You still want to do, if you are in a state as Maryland is where there is
very active recovery, liens and recoveries, but only off of probate assets, you
want to make sure that the community spouse's assets will avoid probate, will
AVOID [MEDICAID ESTATE RECOVERY] CLAIMS. And
. . . you want to make sure that the community spouses are aware of and avail
themselves of POST-ELIGIBILITY GIFTING. . . .
I urge all of you to get out there and advocate for these programs.
I can tell you flatly as it comes to Medicaid waivers and our clients,
God is on our side." (Emphasis
added.)
CLTCF
Comment: Reasonable people can
disagree about the advisability of expanding Medicaid financing of home care and
assisted living. Proponents say it
would be more cost-effective and cover more people than paying for nursing
homes. Opponents say it would cause
program expenditures to explode by bringing new recipients out of the
"woodwork." One thing is
for sure, however, Medicaid financing of home and community-based services would
be a bonanza for Medicaid estate planners.
That's the lesson in Attorney Frank's statement.

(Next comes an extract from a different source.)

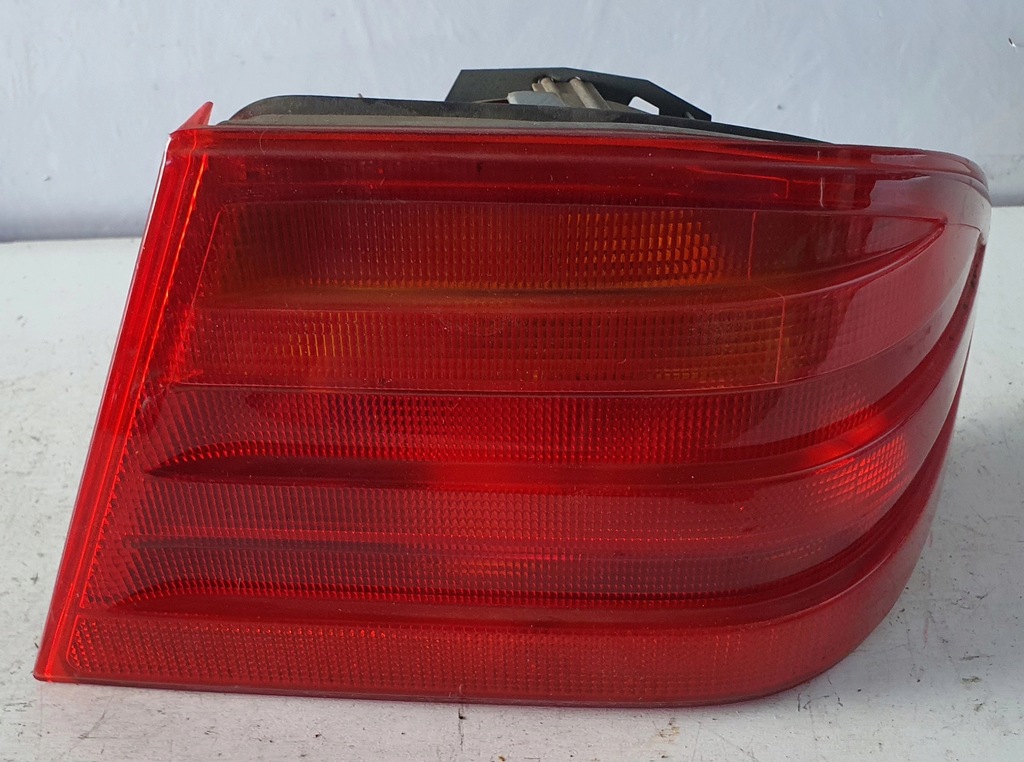 фото №1, Лампа права mercedes e w210 панель фари sedan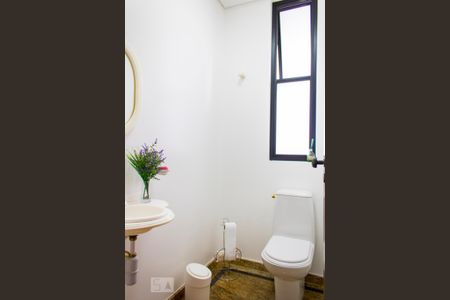 Casa à venda com 630m², 4 quartos e 8 vagasLavabo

The market for Medicaid planning is limited today by the fact that all it
gets you is free or subsidized residency in a nursing home on welfare.

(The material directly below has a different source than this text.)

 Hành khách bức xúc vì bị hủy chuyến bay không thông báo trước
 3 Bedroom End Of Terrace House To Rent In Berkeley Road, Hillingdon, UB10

As soon as getting on Medicaid will pay for home care and assisted
living, the demand for Medicaid planning will leap off the charts.
Of course, so will the cost of Medicaid and that's why the state and
federal Medicaid programs are very reluctant to expand HCBS and why they put
cost and utilization caps on all waiver programs. It goes almost without saying that any increased demand for
Medicaid planning constitutes a concomitant decrease in demand for private
long-term care insurance. In the
long run, the only hope for most people to afford quality long-term care at the
most appropriate level is to reduce the burden on Medicaid so it can help the
poor, and to empower everyone else to pay privately through savings, investment
and insurance. If Medicaid
eligibility were properly delimited and enforced, the program would have more
than enough resources to finance home care and assisted living for the genuinely
needy. And with eligibility
properly controlled and enforced, most Americans would recognize the need to
plan early and save, invest or insure for the risk of long-term care.
The only winners in the current system, and in the new one proposed by
Attorney Frank, are the Medicaid estate planners.